What needs to be done
Only text lines belong in the answer: the lines from the first one in the records through the line with "Satisfyer Massage Oil Strawberry 250ml", copied exactly.

-- Data excerpts follows --

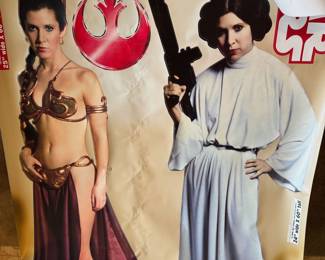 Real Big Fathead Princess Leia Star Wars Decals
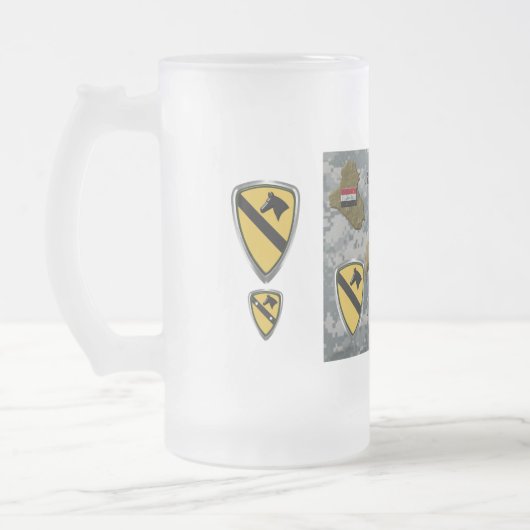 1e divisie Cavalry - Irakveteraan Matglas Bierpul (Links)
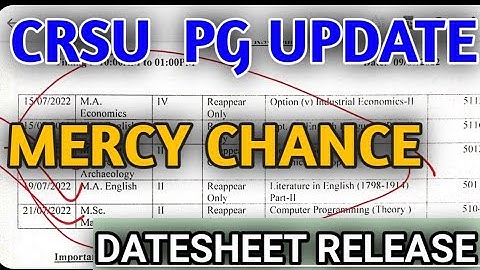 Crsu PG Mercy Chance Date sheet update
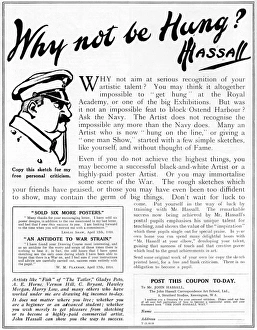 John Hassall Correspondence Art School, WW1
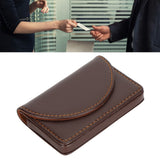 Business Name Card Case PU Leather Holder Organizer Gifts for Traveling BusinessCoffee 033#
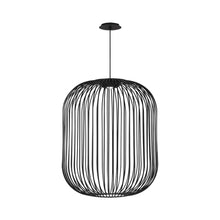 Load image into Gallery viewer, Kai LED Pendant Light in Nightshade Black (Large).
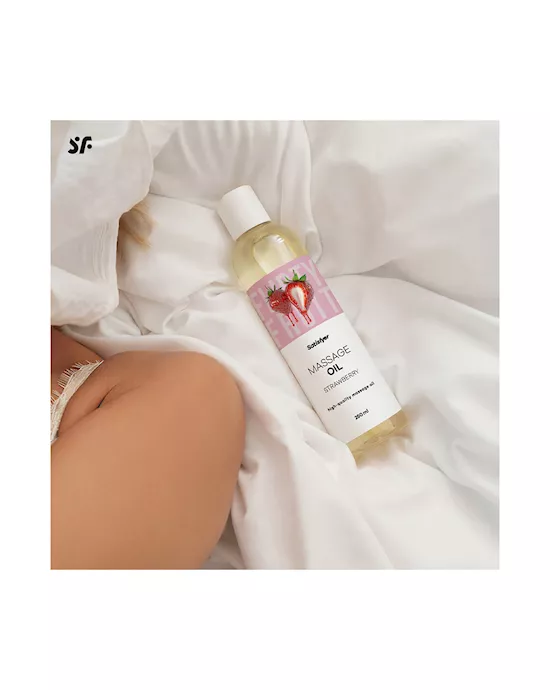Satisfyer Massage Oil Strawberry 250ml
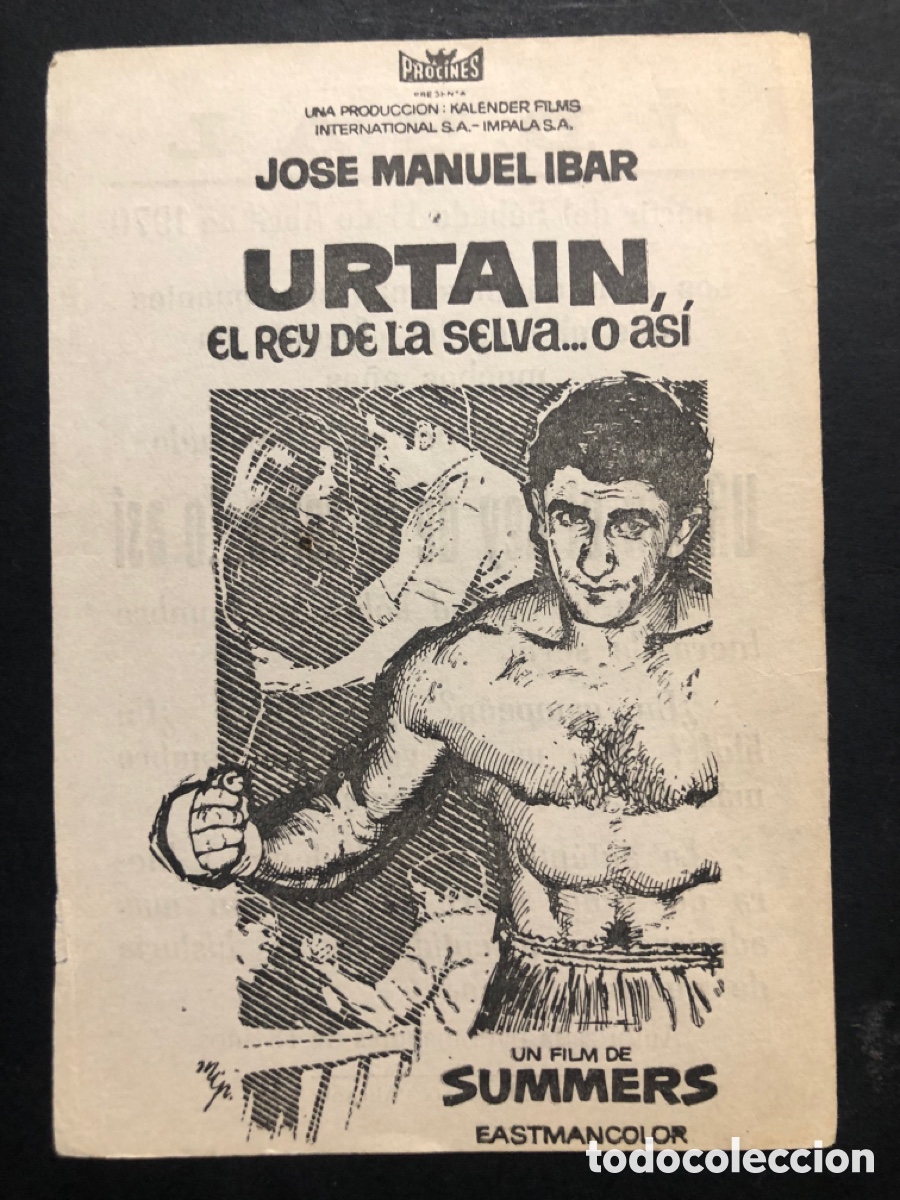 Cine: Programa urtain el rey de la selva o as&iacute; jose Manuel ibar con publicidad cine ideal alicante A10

-- Data excerpts concluded --

Your response
 Real Big Fathead Princess Leia Star Wars Decals
 1e divisie Cavalry - Irakveteraan Matglas Bierpul (Links)
 Crsu PG Mercy Chance Date sheet update
 John Hassall Correspondence Art School, WW1
 Business Name Card Case PU Leather Holder Organizer Gifts for Traveling BusinessCoffee 033#
 Load image into Gallery viewer, Kai LED Pendant Light in Nightshade Black (Large).
Satisfyer Massage Oil Strawberry 250ml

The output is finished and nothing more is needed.